Step 5: Print Output

# Print the word counts
word_counts.pprint()

Step 6: Start Streaming

# Start and await termination
ssc.start()
ssc.awaitTermination()

✅ Now, if you run a netcat server using:

nc -lk 9999

and type words, Spark Streaming will count them in real time.


🔹 Real-World Use Cases of Spark Streaming

  • Fraud Detection in banking transactions.

  • Real-time Recommendation Engines for e-commerce.

  • Log Monitoring for servers and applications.

  • IoT Data Processing for sensor streams.

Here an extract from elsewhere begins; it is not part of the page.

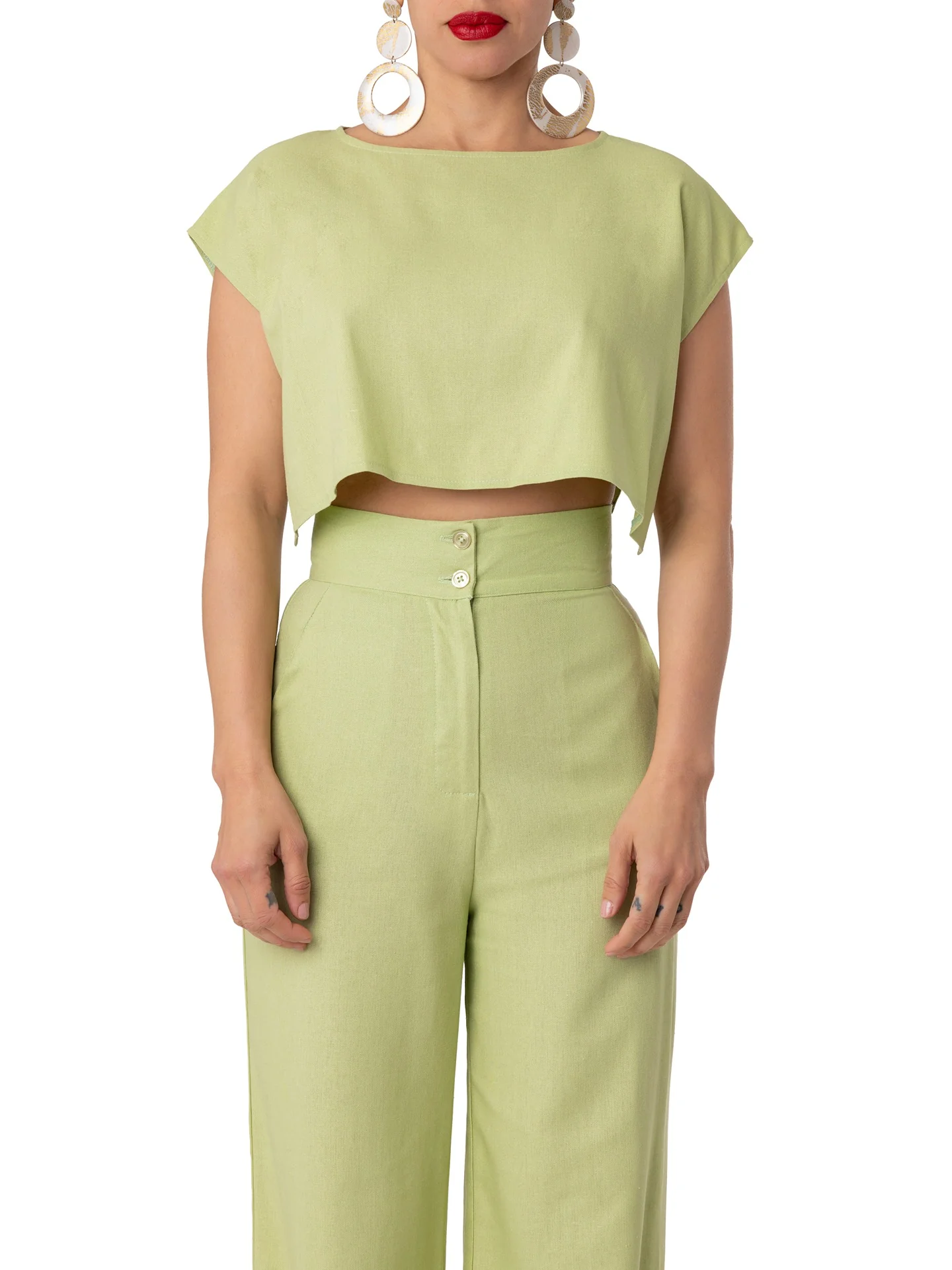 "Merah" Sage Crop Top - Image 8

  • Social Media Analytics like sentiment tracking on Twitter.


🔹 Conclusion

Spark Streaming is one of the most powerful tools for real-time data processing. With its micro-batch model, fault tolerance, and seamless integration with other big data tools, it has become a go-to choice for developers and data engineers.

By learning Spark Streaming, you can build real-time applications that scale efficiently and handle live data with ease.

  • DStreams: Old approach, uses RDDs, micro-batch only, simpler but less powerful.

  • Structured Streaming: Modern approach, DataFrame/Dataset API, low latency, recommended for new projects.

For most modern use cases, Structured Streaming is the best choice due to its scalability, performance, and ease of integration.